For instance in Python 2.4 and above, both the sorted() function and the in-place list.sort() method take a key parameter that allows us to provide a special "key function".

This function is simply called on each list element before making comparisons and thus cleverly avoids computing the criterion value every time.

In other words, sorting a (Python) list of strings case-insensitive:

>>> sortList = ["the", "Schwartzian", "Transform", "rocks"]

>>> sortList.sort(key = lambda e: e.lower())
['rocks', 'Schwartzian', 'the', 'Transform']

This could be also split into the 3 basic steps Schwartz suggests:

#1:  Turn the list into an array of references to pairs
>>> temp = [(e.upper(), e) for e in sortList]
>>> temp
[('THE', 'the'), ... , ('TRANSFORM', 'Transform'), ('ROCKS', 'rocks')]

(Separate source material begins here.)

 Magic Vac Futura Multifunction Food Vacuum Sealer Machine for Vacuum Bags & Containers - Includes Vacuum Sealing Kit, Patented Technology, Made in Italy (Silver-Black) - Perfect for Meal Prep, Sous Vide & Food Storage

#2: Sort this list by the second elements
>>> temp.sort()

#3: Turn the sorted list back into one one value list
>>> sortList = [e[1] for e in temp]   
>>> sortList
['rocks', 'Schwartzian', 'the', 'Transform']

The Question

Now I wonder if other well-known programming languages like C++, C#1), Java, JavaScript, VisualBasic and so on provide Schwartzian transform like interface too or is a "workaround" (a own implementation rather than a language feature) needed instead like this sample in C#:

var unsorted = new string[] { "the", "Schwartzian", "Transform", "rocks"};
var sorted = unsorted.Select(word => new { word, lower = word.ToLower() })
                     .OrderBy(t => t.lower)
                     .Select(t => t.word)
                     .ToArray();

1) As far as I know it’s possible using the Linq syntax

10
  • 4
    I'm pretty sure C++'s std::sort and Javascript's Array.prototype.sort both take an optional comparison function, and Java takes an optional Comparator. Granted these are things which take two arguments and declare which one is smaller, but that seems like it serves the same purpose as assigning a sort key on every element. Is the issue just that guaranteeing these sort keys only get computed once might be more efficient than a comparison function in some cases? (personally this isn't a problem I've ever run into)
    – Ixrec
    Feb 21, 2016 at 0:21
  • 2
    You would have to ask the language designers and implementers to get "the" answer to your question. Feb 21, 2016 at 0:21
  • 2
    .NET will allow you to add a Comparer argument to the SortBy method. msdn.microsoft.com/en-us/library/bb549422(v=vs.110).aspx Feb 21, 2016 at 0:32
  • 3
    C#'s unsorted.OrderBy(t => t.ToLower()) looks like Schwarzian transform to me.
    – Lie Ryan
    Feb 21, 2016 at 5:50
  • 3
    @elegent: C#'s OrderBy() only calls the key function once for every item in the list, you can test it yourself. Putting Select() around OrderBy() is unnecessary.
    – Lie Ryan
    Feb 22, 2016 at 0:49

5 Answers 5

3

C++ normally uses < to specify sort order and this makes its sort interface more complicated, but still somewhat similar:

std::sort(
    vec.begin(), vec.end(), [](auto s1, auto s2) { return to_lower(s1) < to_lower(s2); });

Also note that std::sort modifies the original collection, it does not produce a new one.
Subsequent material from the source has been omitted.